Brief: The answer should contain all of the data, retyped without any alteration.

Source information:
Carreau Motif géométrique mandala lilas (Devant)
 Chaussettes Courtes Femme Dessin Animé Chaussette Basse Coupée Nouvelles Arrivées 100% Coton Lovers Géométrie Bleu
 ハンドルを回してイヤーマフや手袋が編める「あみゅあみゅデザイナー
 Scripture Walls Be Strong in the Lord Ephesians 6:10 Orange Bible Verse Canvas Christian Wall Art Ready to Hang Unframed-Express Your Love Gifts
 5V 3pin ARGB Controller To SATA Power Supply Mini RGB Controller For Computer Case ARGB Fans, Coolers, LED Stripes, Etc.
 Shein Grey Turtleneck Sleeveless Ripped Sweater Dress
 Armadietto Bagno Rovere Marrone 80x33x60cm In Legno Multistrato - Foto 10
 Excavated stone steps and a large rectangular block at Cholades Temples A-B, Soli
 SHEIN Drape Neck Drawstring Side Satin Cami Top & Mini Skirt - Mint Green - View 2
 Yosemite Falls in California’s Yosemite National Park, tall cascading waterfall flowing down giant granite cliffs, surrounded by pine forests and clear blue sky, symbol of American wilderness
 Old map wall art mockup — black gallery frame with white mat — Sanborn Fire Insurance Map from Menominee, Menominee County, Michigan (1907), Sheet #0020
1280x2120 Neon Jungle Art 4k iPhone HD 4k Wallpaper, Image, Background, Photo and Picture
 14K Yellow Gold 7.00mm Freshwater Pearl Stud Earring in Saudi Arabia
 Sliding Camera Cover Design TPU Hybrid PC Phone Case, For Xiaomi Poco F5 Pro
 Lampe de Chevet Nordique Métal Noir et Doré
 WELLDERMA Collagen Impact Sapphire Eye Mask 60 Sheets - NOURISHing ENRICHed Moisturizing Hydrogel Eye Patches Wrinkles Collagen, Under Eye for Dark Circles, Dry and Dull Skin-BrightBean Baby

Output of the task:
Carreau Motif géométrique mandala lilas (Devant)
 Chaussettes Courtes Femme Dessin Animé Chaussette Basse Coupée Nouvelles Arrivées 100% Coton Lovers Géométrie Bleu
 ハンドルを回してイヤーマフや手袋が編める「あみゅあみゅデザイナー
 Scripture Walls Be Strong in the Lord Ephesians 6:10 Orange Bible Verse Canvas Christian Wall Art Ready to Hang Unframed-Express Your Love Gifts
 5V 3pin ARGB Controller To SATA Power Supply Mini RGB Controller For Computer Case ARGB Fans, Coolers, LED Stripes, Etc.
 Shein Grey Turtleneck Sleeveless Ripped Sweater Dress
 Armadietto Bagno Rovere Marrone 80x33x60cm In Legno Multistrato - Foto 10
 Excavated stone steps and a large rectangular block at Cholades Temples A-B, Soli
 SHEIN Drape Neck Drawstring Side Satin Cami Top & Mini Skirt - Mint Green - View 2
 Yosemite Falls in California’s Yosemite National Park, tall cascading waterfall flowing down giant granite cliffs, surrounded by pine forests and clear blue sky, symbol of American wilderness
 Old map wall art mockup — black gallery frame with white mat — Sanborn Fire Insurance Map from Menominee, Menominee County, Michigan (1907), Sheet #0020
1280x2120 Neon Jungle Art 4k iPhone HD 4k Wallpaper, Image, Background, Photo and Picture
 14K Yellow Gold 7.00mm Freshwater Pearl Stud Earring in Saudi Arabia
 Sliding Camera Cover Design TPU Hybrid PC Phone Case, For Xiaomi Poco F5 Pro
 Lampe de Chevet Nordique Métal Noir et Doré
 WELLDERMA Collagen Impact Sapphire Eye Mask 60 Sheets - NOURISHing ENRICHed Moisturizing Hydrogel Eye Patches Wrinkles Collagen, Under Eye for Dark Circles, Dry and Dull Skin-BrightBean Baby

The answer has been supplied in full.